Negociar com a Arábia Saudita, a China e ditaduras africanas é bom. E com Cuba?
Aí não pode. É um caso bizarro de moralismo seletivo.
Quando este tipo de comentário escapa
dos editoriais e páginas de opinião e atinge o noticiário a situação piora. Não
é difícil identificar um golpe de Estado, mas a grande imprensa brasileira tem
pesos e medidas diferentes para fazer isso. Em julho, todos os grandes veículos
usaram o termo golpe para identificar a derrubada do presidente do Egito. Em
2009, em Honduras, e 2012, no Paraguai, quando caíram, respectivamente, Manuel
Zelaya e Fernando Lugo, o termo golpe foi suprimido deliberadamente.
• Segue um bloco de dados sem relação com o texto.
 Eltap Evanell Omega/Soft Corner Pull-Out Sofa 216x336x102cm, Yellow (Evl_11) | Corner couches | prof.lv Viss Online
Em comum
entre Zelaya e Lugo, o fato de serem ligados à esquerda política. Para grande
parte dos grandes veículos brasileiros, entretanto, aqueles movimentos não se
tratavam de golpes, exatamente como o que apoiaram em 1º de abril de 1964 e que
derrubou João Goulart.
Talvez outros fatores influenciem o
medo do "perigo vermelho", como as experiências pessoais de quem
sofre desta fobia. O mais lamentável de tudo isso é o tempo e a energia gastos
numa discussão inócua. É impossível que de uma discussão sobre um sistema
político-ideológico fracassado e superado surja algo minimamente útil para
resolver os inúmeros problemas do Brasil.